Well, I am cranking my head around this one. I have a 5V microcontroller (AtTiny2313a-pu) which drives a 12V(max) DC motor(ampere rating unknown).
I have programmed my uC correctly and caused the motor to "blink" for one second then turn off for one second and so on(not resorting to PWM). I tested using this using this schematic and it works. (I am using a TIP120 npn transistor)
Instead of using two batteries/ supplies, I tried to use the same battery for powering my microcontroller and Load and I am getting very strange behavior. I set the blink time to 2sec but here with this schematic(below), I observe random switching.
I have read about a phenomenon called ground bounce from the noise generated by motor that is temporarily resetting my microcontroller.
I followed the instruction from a similar post that appeared in the forum and I tried to connect the battery ground to collector first then to my microcontroller and its regulator as mentioned in the answer but I observe the same strange behavior of resetting. How would I get rid of this behavior?
Also, I have a 12V 2amps adapter and I want to power my project through this. Is there a way to split 12V into 5V(for microcontroller) and 9V for Motor as an independent power source as described in schematic 1?
I read that linear voltage regulators are very bad for powering motors,Will buck converter serve my purpose?
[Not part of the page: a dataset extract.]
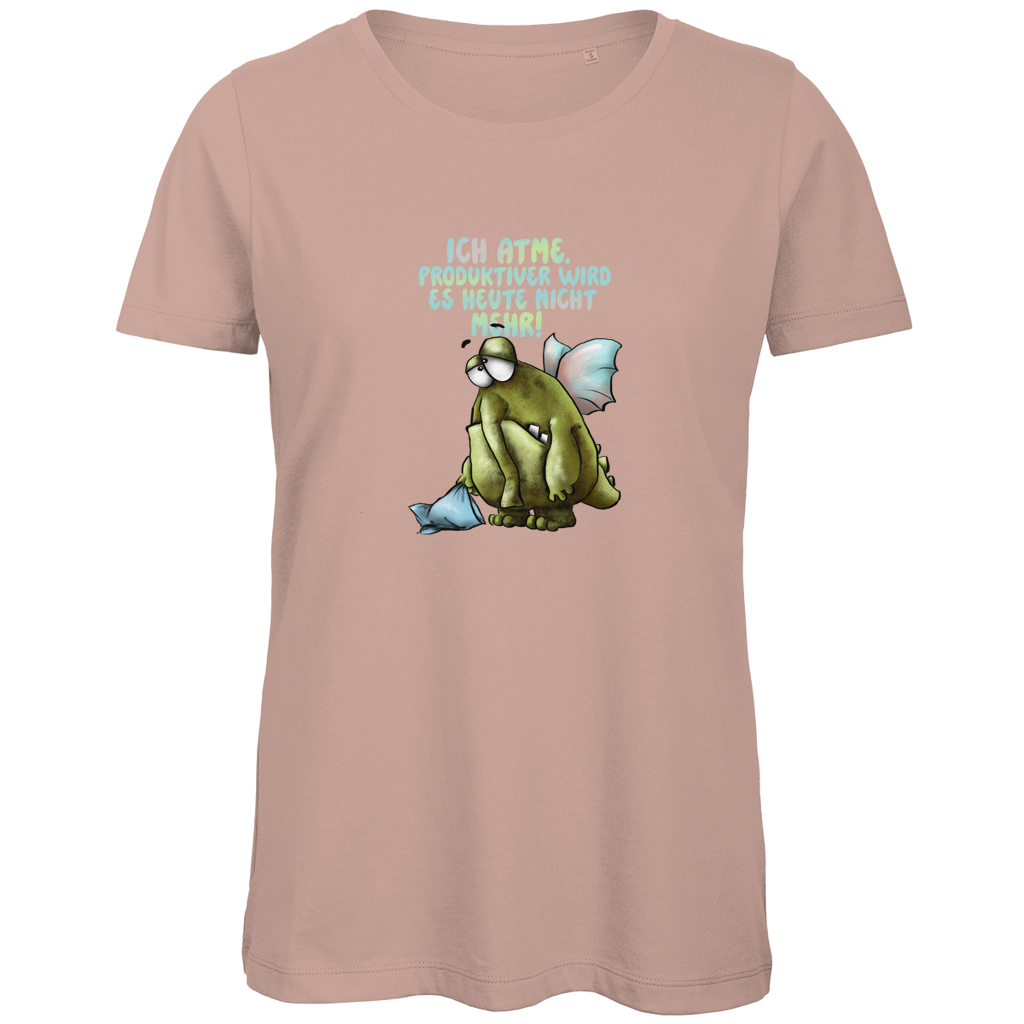 Damen Premium Bio T-Shirt Ich atme. Produktiver wird es ... Design 1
PS: I am very new to electronics please don't vote me down. In case I miss something I will modify in the post and abide by the standards of this forum.
Thanks you
Best Answer
"But is it possible to make two supplies from the 12V 2amps adapter so that schematic 1 like circuit may fix this issue?"
Without knowing the current draw of the motor, the answer is, "Maybe, maybe not." It all depends on how much current the motor draws, especially on turn-on.
Presumably you are interested in trying something like
simulate this circuit – Schematic created using CircuitLab
Here's the problem: when motors turn on, they draw much more current than normal. As the motor starts turning and gets up to speed, the current required gradually drops to normal. When this happens, it will cause the output of the power supply to drop, and this will cause the uC voltage to drop - and you get weird behavior as the uC briefly stops working correctly.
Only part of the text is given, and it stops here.